Cependant, il reste encore un problème subtil concernant le pouvoir d’agir.
John : Je pense que cela sort un peu trop facilement de votre bouche ! Réellement voir qu’il
n’y a pas de moi et toutes les implications que cela implique ne laisserait ni doutes, ni
questions, ni aucune souffrance, au demeurant. La conviction première d’être une personne
distinct(iv)e est le point de départ de tous les problèmes. S’il n’y a pas de moi, alors qui ou
qu’est-ce qui serait l’agissant ? Qui serait responsable, etc. ? C’est donc une question
profonde qui a probablement besoin d’un regard neuf. La question de la nature du soi est la
question ultime.
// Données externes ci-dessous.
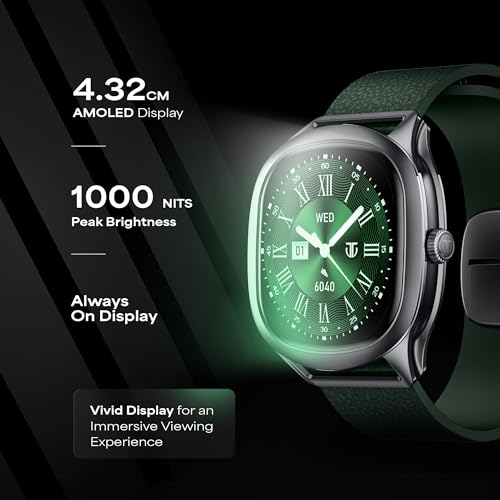 Titan EVOKE S Smartwatch with 1.7” AMOLED Display,1000 Nits, AI Watch Faces, Rotary Crown, AI Chat, Smart Glance, Flush strap Transition,Magnetic Precision Buckle,BT Calling, 24/7 Health Suite - Green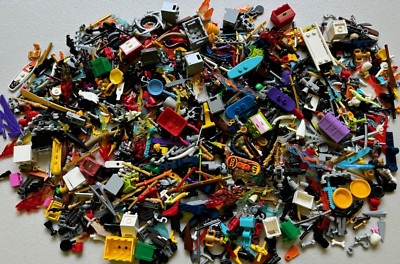 LEGO Minifigure Accessories Lot of 125 + Random Tools Weapons, Food, Guns, Wands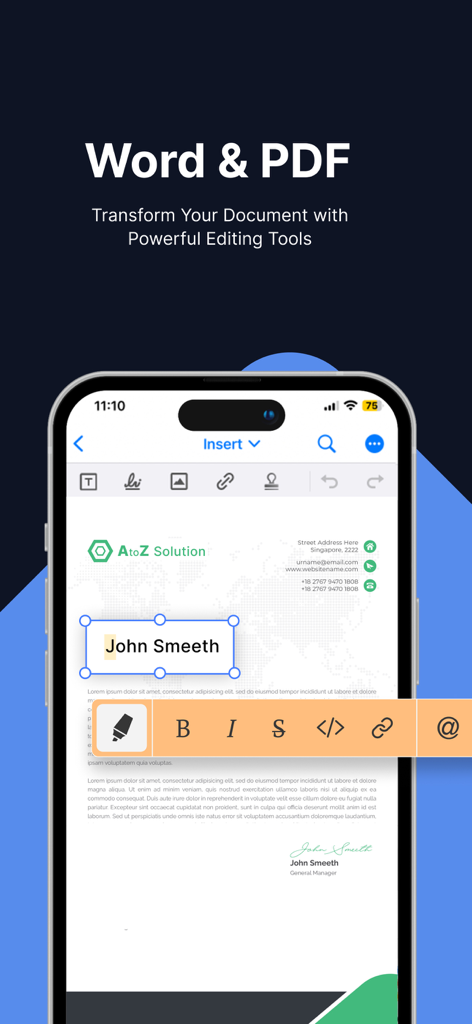 Office Word Editor-Docs, Share - Schermata dell'iPhone che mostra l'app Editor di Testo per Office con un documento in fase di modifica utilizzando strumenti di formattazione avanzati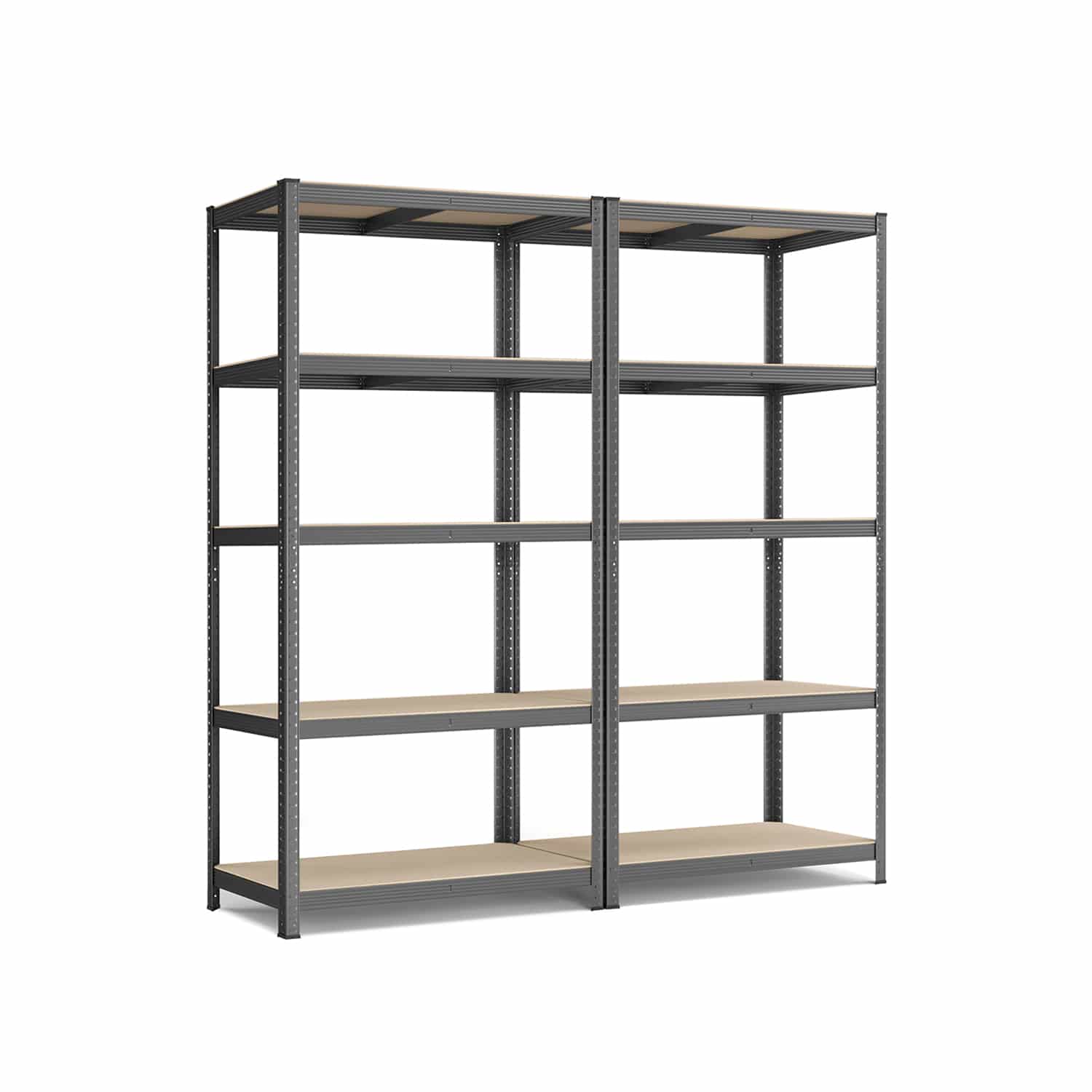 2er Set Lagerregal 200 cm hoch grau von SONGMICS
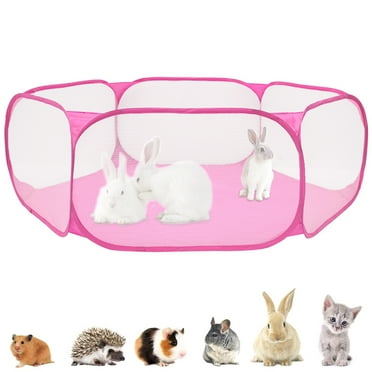 JTWEB Foldable Breathable Small Animals Tent ,Transparent Pet Exercise Fence Rabbit Play Pen Cage for Rabbits Hamster Hedgehogs Diameter 120cm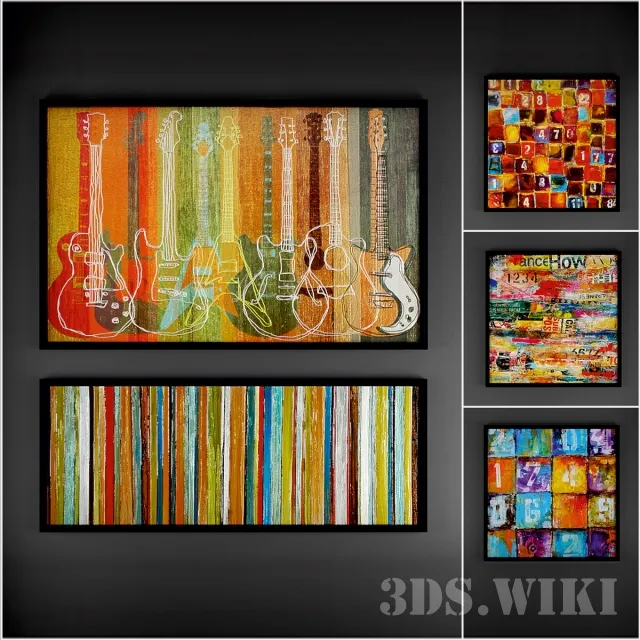 decoration - Modern art pictures 3D Model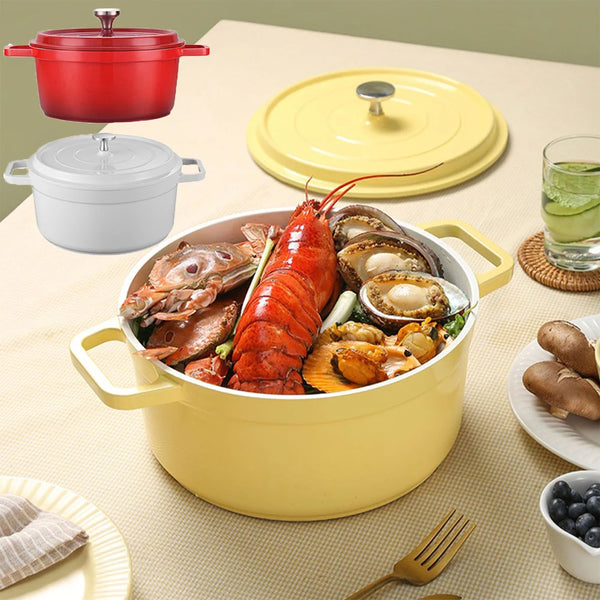 Ceramic Enamel Stock Pot With Lid - The American Classic!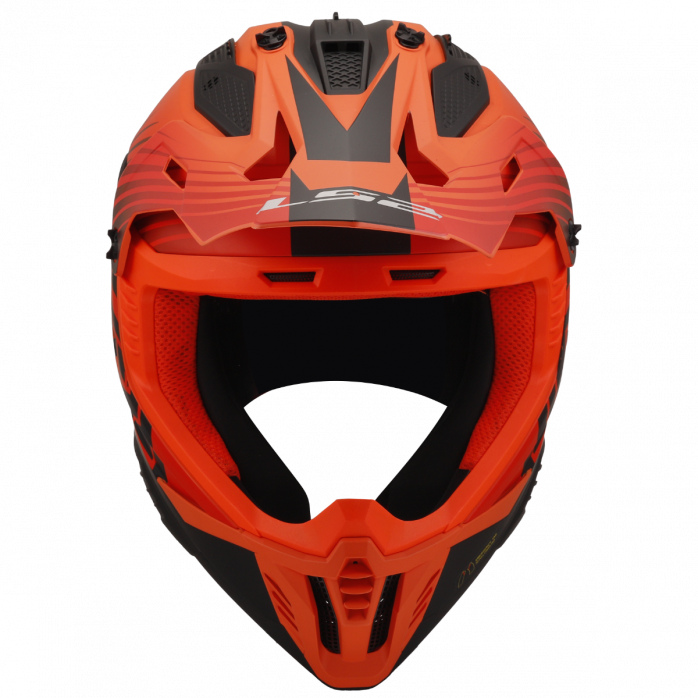 LS2 MX708 FAST II DUCK MH-V ORANGE RED šalmas XL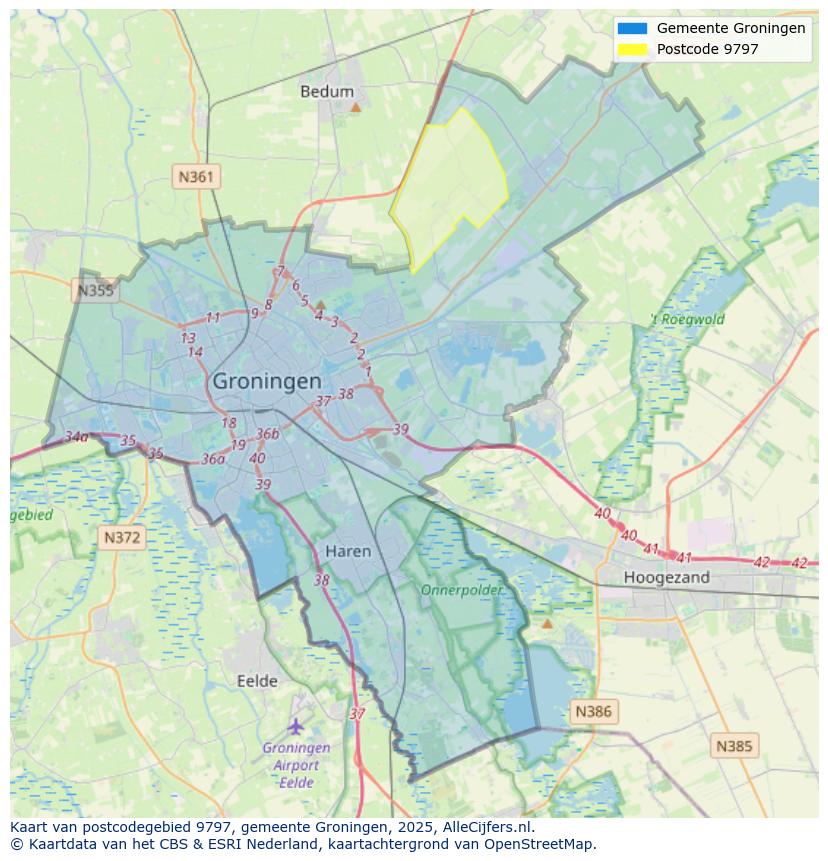 Afbeelding van het postcodegebied 9797 op de kaart.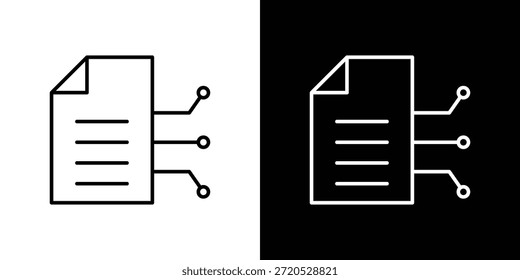 Ícone de contrato inteligente. Ilustração em preto isolada para design gráfico e da Web.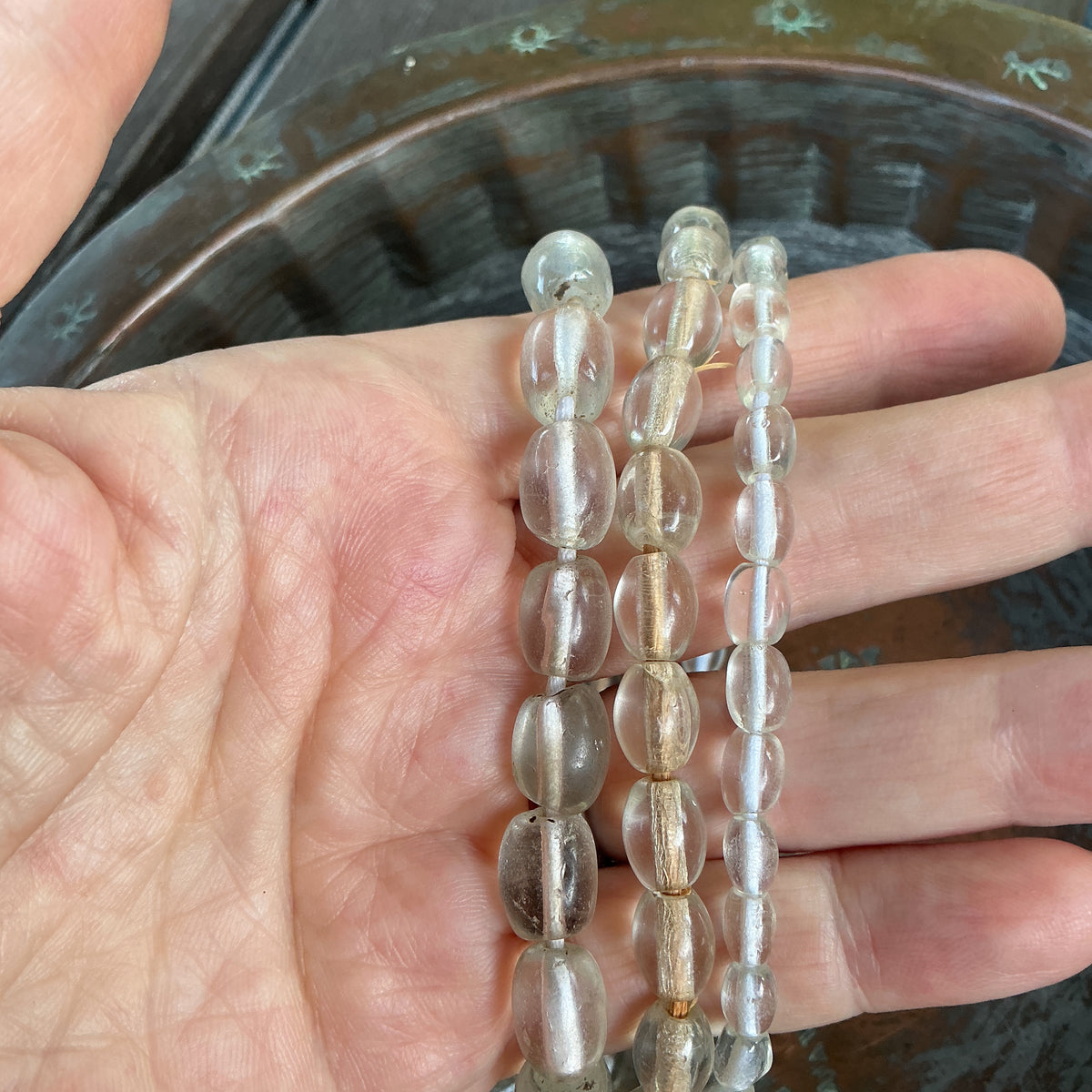 Vintage Bohemian Clear Oval Glass Beads from the African Trade - Rita Okrent Collection (ANT290)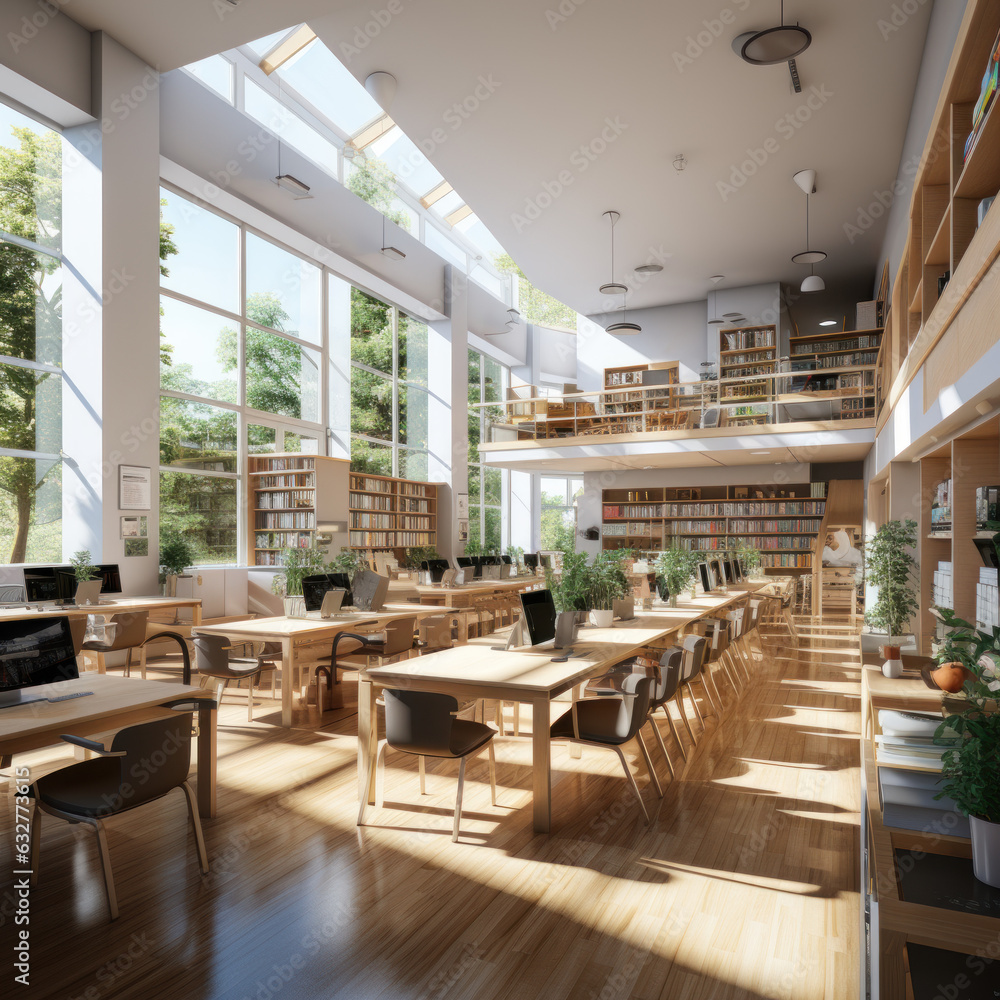 The library in a university with scholars
The library in a university with scholars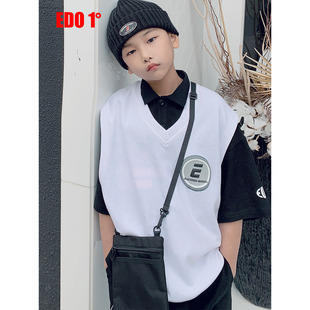 edo1一度童装outlets学院风V领背心男女同款叠穿马甲宽松上衣潮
Y répondre de façon concluante, c’est résoudre tous les problèmes et tous
les doutes possibles, parce que ceux-ci proviennent tous d’un manque de clarté fondamental
concernant qui nous sommes. En fait, les autres problèmes ne doivent même pas être
abordés séparément, puisque la croyance en un moi séparé est la cheville ouvrière de tout le
réseau de questions, de doutes et de problèmes.
Q : Le problème réside dans la responsabilité.
J : Ceci présuppose quelqu’un qui soit responsable. Les devoirs, les actions et les tâches ne
sont pas un problème. Votre cœur, vos reins, vos poumons et toutes les fonctions
corporelles opèrent sans discontinuer depuis la naissance, sans être perturbés par le sens
des responsabilités à l’égard de leur travail bien nécessaire. Le problème émane du
sentiment d’être un ‘’je’’ qui sent qu’il est là et responsable. Tout ceci m’arrive à ‘’moi’’ qui
opère. C’est le hic et la véritable source du problème. Vous verrez que tout revient à la
problématique du sens de soi qui est centrale.
Q : J'ai une famille à soutenir et cela, avec d'autres expériences de la vie, ne m’a pas laissé
vraiment rêveur (même si je puis admettre que tout soit un Rêve).
J : Le corps et l’esprit soutiennent la famille qu’ils ont créée ! Où se situe la difficulté ? Il doit
y avoir une autre idée en jeu comme ‘’on me prive de ma liberté, on m’empêche de faire
d’autres choses que je veux faire’’. Quelle est l’origine du problème ?
Q : Peu importe ce que l'on me dit sur le fait qu’il n’y a personne qui choisit et que personne
n'est responsable, je ne peux pas y arriver à partir d'ici. Je regarde autour de moi et j'observe
des nations entières et des individus isolés qui sont affectés par les conditions de la
mentalité. L’Inde et sa pauvreté et ses vaches sacrées deviennent un exemple classique
d’une attitude de non-choix/non-responsabilité.
J : Il y a certainement des choix qui sont faits et des décisions responsables qui sont prises.
Ceci n’est pas non plus un problème. La question de savoir s'il y a une entité présente qui fait
le choix ou qui est responsable est une autre paire de manches. Nous pensons ‘’je fais ceci’’
et c’est là que le problème se pose. Il n'y a aucun problème par rapport aux décisions, aux
responsabilités, aux pensées, aux affaires des nations, etc. Il n’y a qu’une seule pierre
d’achoppement dans le tableau : une croyance erronée en ce que nous sommes ou une
mauvaise identification de notre nature réelle avec quelque chose qu’elle n’est pas. Là est le
problème et la résolution de ce problème libère tout – tout en laissant tout intact et
continuant comme auparavant. Cela revient à un changement de perspective, pas à un
changement particulier dans ce qui se passe. Je vous garantis que les choix, les actions et
tout le reste peuvent continuer et qu’ils continueront, mais il est inutile que la souffrance
continue.
Q : Pour l’instant, évitons la dualité de l’acteur et de l’acte. Indépendamment du corpsmental, il y a un sentiment de choix et de responsabilité, qu’il soit phénoménal ou subtil,
mais même ainsi, on pourrait soutenir qu’un choix s’opère.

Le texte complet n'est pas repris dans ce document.